• Instructions for the task
Below are some records. Return exactly the lines from the one with "In the meantime, I like" to the one with "Your first challenge", and nothing else.

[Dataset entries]
BEGIN
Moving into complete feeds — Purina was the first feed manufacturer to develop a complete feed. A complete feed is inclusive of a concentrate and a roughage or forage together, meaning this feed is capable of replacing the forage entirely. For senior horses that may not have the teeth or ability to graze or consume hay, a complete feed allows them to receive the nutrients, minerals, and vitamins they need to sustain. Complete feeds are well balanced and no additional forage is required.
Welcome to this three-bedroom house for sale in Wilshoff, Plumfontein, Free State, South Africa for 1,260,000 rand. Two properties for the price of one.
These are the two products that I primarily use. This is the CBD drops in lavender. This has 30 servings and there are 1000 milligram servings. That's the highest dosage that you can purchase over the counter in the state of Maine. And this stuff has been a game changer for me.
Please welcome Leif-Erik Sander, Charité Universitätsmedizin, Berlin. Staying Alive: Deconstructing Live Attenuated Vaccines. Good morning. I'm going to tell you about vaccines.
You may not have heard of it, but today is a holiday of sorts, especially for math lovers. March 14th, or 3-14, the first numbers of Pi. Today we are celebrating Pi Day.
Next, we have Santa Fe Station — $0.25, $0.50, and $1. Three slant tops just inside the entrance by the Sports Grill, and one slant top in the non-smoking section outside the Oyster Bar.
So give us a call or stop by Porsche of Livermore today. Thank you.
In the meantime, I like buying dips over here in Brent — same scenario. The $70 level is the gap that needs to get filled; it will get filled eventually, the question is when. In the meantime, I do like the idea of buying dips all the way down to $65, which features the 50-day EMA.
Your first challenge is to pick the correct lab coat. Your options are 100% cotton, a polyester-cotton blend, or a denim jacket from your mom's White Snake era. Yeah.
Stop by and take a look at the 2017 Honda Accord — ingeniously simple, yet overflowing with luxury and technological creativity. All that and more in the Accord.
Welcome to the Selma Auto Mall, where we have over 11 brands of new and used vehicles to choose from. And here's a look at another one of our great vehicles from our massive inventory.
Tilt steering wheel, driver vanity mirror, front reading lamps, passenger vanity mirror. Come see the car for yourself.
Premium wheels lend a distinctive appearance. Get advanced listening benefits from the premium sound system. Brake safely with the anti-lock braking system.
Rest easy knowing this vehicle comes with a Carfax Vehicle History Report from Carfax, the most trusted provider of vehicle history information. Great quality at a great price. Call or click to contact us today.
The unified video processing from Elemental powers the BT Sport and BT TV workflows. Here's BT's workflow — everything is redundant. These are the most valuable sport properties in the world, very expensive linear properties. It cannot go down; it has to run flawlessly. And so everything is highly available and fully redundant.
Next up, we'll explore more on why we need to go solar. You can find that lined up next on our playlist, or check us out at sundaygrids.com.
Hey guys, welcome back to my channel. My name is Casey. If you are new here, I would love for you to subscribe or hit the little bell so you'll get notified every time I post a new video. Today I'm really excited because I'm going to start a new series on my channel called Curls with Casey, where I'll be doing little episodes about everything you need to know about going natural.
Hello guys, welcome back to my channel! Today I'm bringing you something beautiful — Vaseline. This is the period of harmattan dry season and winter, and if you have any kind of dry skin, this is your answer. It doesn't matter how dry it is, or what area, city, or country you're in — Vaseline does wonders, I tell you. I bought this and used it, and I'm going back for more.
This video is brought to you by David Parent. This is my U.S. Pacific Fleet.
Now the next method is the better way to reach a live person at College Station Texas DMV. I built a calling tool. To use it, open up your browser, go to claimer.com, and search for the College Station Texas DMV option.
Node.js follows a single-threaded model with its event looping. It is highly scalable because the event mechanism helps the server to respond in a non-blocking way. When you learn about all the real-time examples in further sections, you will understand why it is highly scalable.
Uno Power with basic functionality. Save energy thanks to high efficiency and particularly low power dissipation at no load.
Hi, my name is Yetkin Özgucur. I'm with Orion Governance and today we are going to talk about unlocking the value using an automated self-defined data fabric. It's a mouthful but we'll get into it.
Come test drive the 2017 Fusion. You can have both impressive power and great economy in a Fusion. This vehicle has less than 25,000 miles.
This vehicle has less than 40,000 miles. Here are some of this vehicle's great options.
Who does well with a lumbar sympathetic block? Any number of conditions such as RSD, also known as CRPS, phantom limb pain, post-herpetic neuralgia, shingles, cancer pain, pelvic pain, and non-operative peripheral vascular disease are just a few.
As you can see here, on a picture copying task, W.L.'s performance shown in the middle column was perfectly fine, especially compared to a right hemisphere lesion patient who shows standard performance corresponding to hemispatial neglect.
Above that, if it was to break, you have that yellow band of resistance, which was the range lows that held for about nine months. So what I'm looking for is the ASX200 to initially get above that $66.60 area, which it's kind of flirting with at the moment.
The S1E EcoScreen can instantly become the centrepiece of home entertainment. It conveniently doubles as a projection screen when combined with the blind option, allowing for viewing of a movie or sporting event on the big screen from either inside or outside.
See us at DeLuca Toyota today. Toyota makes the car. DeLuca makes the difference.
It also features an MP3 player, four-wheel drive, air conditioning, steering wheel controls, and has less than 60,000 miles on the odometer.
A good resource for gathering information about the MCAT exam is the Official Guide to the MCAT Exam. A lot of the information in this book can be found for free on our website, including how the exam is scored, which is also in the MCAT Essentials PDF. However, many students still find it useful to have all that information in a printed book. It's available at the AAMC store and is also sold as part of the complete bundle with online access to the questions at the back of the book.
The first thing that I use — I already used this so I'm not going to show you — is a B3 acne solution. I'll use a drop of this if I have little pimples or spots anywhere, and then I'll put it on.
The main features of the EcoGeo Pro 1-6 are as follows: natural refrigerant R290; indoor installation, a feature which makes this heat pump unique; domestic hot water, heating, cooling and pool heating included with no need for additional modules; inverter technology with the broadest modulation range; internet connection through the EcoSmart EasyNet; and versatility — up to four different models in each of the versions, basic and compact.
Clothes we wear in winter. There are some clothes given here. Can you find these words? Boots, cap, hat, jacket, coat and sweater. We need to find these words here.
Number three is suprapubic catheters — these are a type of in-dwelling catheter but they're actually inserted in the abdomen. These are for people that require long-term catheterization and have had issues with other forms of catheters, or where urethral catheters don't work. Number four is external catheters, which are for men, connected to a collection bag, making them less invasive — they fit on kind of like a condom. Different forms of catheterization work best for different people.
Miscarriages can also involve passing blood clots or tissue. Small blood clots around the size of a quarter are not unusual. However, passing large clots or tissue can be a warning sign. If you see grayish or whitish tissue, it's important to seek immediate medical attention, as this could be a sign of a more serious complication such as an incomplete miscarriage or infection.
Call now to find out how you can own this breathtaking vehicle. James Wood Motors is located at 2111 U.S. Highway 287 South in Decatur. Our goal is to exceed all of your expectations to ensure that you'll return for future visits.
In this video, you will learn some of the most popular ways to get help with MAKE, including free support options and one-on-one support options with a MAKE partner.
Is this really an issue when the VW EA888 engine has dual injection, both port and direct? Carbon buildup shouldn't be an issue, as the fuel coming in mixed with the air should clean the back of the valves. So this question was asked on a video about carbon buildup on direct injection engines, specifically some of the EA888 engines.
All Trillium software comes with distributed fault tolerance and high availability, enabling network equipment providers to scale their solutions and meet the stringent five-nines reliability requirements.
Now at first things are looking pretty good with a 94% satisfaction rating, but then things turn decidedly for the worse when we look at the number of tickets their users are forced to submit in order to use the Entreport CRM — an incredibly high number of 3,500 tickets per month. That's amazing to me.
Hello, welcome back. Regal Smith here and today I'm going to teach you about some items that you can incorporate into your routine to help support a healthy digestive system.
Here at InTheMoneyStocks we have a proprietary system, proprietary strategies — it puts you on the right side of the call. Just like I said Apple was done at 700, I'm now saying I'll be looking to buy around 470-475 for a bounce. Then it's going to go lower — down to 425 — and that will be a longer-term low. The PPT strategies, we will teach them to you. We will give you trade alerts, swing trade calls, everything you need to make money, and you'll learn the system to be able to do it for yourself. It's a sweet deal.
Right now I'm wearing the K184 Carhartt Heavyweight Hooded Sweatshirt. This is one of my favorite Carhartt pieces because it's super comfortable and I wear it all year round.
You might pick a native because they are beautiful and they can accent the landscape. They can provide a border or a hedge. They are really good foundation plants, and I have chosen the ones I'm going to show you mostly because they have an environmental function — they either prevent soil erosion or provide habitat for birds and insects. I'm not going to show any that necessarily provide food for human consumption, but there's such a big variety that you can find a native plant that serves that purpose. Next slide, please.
END
• Solution to the exercise
In the meantime, I like buying dips over here in Brent — same scenario. The $70 level is the gap that needs to get filled; it will get filled eventually, the question is when. In the meantime, I do like the idea of buying dips all the way down to $65, which features the 50-day EMA.
Your first challenge is to pick the correct lab coat. Your options are 100% cotton, a polyester-cotton blend, or a denim jacket from your mom's White Snake era. Yeah.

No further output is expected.